Monitoring process initilizes database and monitoring writing speed.

def run_monitor_process():
    log = logging.getLogger("DataBaseMonitor")
    conn = get_connection()
    conn.execute("DROP DATABASE IF EXISTS test")
    conn.execute("CREATE DATABASE test")
    conn.execute("CREATE STABLE test.meters (ts TIMESTAMP, current FLOAT, voltage INT, phase FLOAT) "
                 "TAGS (location BINARY(64), groupId INT)")
    def get_count():
        res = conn.query("SELECT count(*) FROM test.meters")
        rows = res.fetch_all()
        return rows[0][0] if rows else 0
    last_count = 0
    while True:
        time.sleep(10)
        count = get_count()
        log.info(f"count={count} speed={(count - last_count) / 10}")
        last_count = count

view source code

run_read_task function

Reading process reads data from other data system and distributes to the message queue allocated for it.

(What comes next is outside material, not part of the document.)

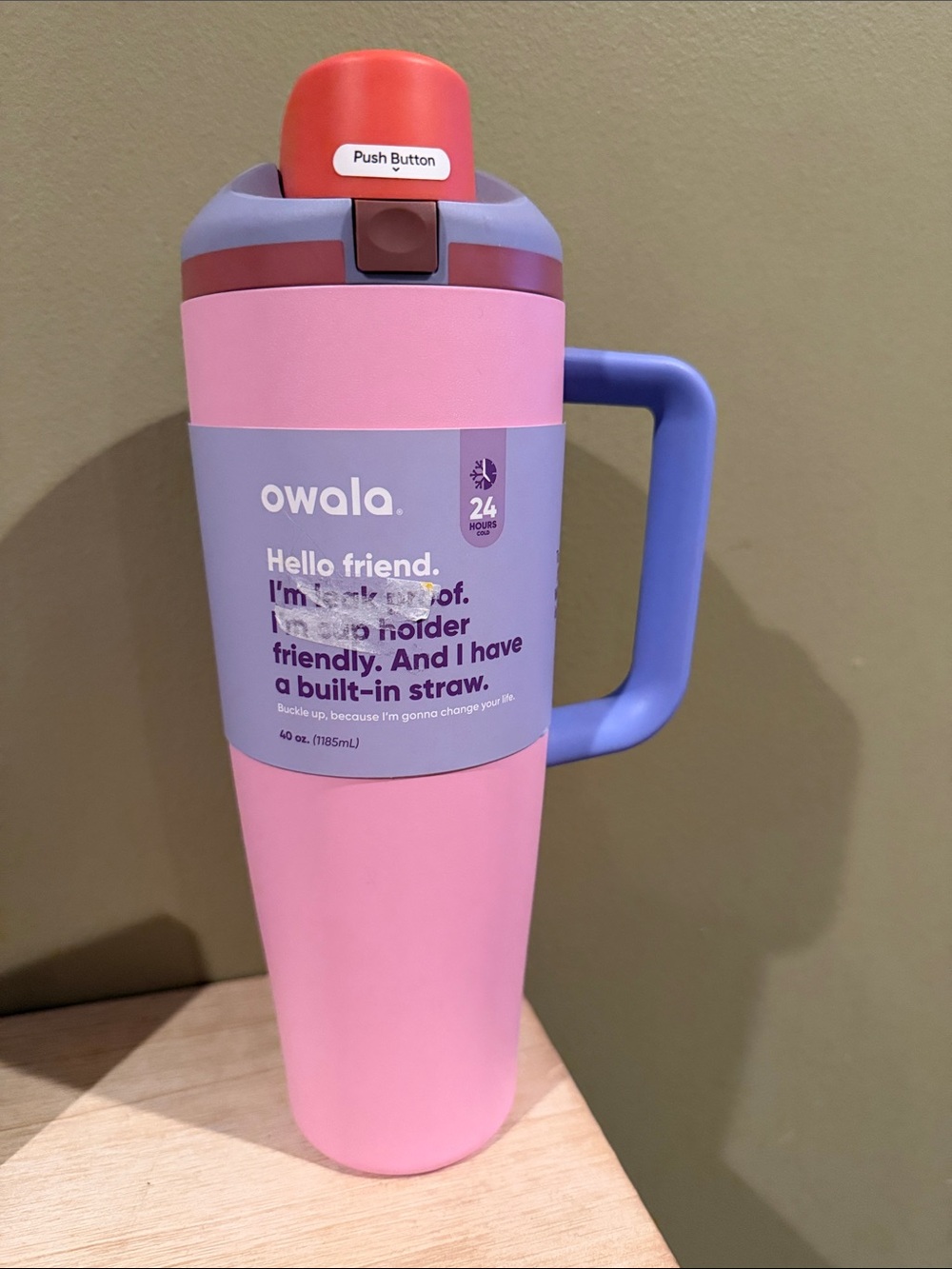 BNWT Owala 40 oz. FreeSip Tumbler with Side Grip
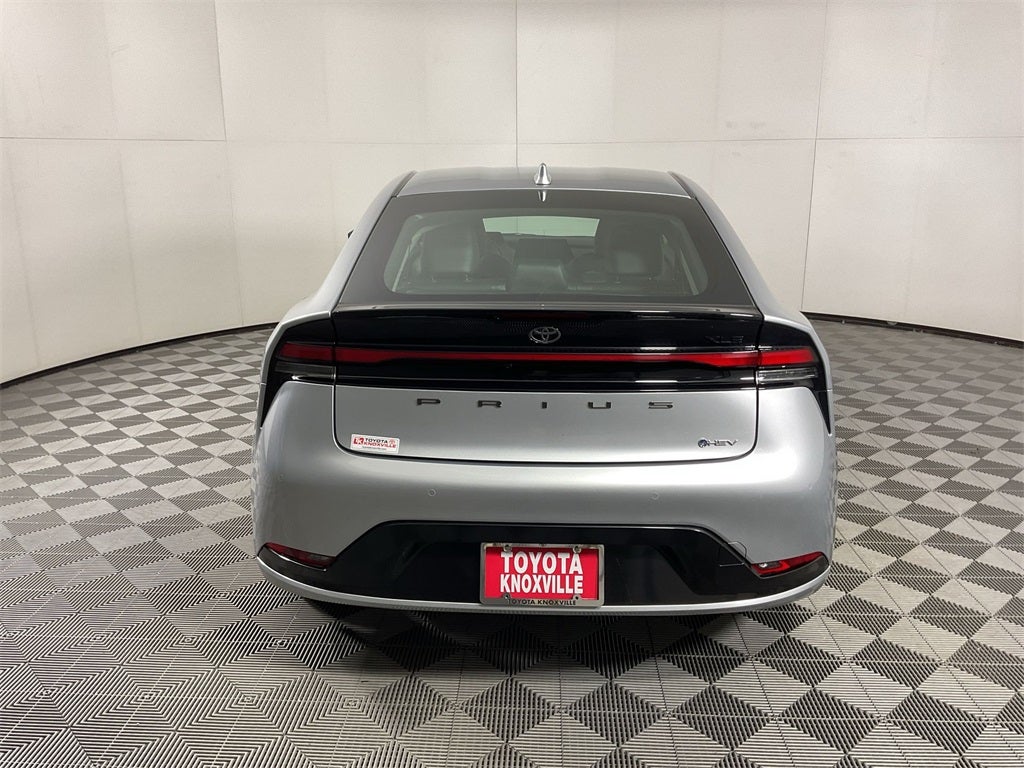 2025 Toyota Prius XLE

def run_read_task(task_id: int, task_queues: List[Queue]):
    table_count_per_task = TABLE_COUNT // READ_TASK_COUNT
    data_source = MockDataSource(f"tb{task_id}", table_count_per_task)
    try:
        for batch in data_source:
            for table_id, rows in batch:
                # hash data to different queue
                i = table_id % len(task_queues)
                # block putting forever when the queue is full
                task_queues[i].put_many(rows, block=True, timeout=-1)
    except KeyboardInterrupt:
        pass

view source code

MockDataSource

Below is the simulated data source, we assume table name exists in each generated data.

import time
class MockDataSource:
    samples = [
        "8.8,119,0.32,California.LosAngeles,0",
        "10.7,116,0.34,California.SanDiego,1",
        "9.9,111,0.33,California.SanJose,2",
        "8.9,113,0.329,California.Campbell,3",
        "9.4,118,0.141,California.SanFrancisco,4"
    ]
    def __init__(self, tb_name_prefix, table_count):
        self.table_name_prefix = tb_name_prefix + "_"
        self.table_count = table_count
        self.max_rows = 10000000
        self.current_ts = round(time.time() * 1000) - self.max_rows * 100
        # [(tableId, tableName, values),]
        self.data = self._init_data()
    def _init_data(self):
        lines = self.samples * (self.table_count // 5 + 1)
        data = []
        for i in range(self.table_count):
            table_name = self.table_name_prefix + str(i)
            data.append((i, table_name, lines[i]))  # tableId, row
        return data
    def __iter__(self):
        self.row = 0
        return self
    def __next__(self):
        """
        next 1000 rows for each table.
        return: {tableId:[row,...]}
        """
        # generate 1000 timestamps
        ts = []
        for _ in range(1000):
            self.current_ts += 100
            ts.append(str(self.current_ts))
        # add timestamp to each row
        # [(tableId, ["tableName,ts,current,voltage,phase,location,groupId"])]
        result = []
        for table_id, table_name, values in self.data:
            rows = [table_name + ',' + t + ',' + values for t in ts]
            result.append((table_id, rows))
        return result

view source code

run_write_task function

Writing process tries to read as much as possible data from message queue and writes in batch.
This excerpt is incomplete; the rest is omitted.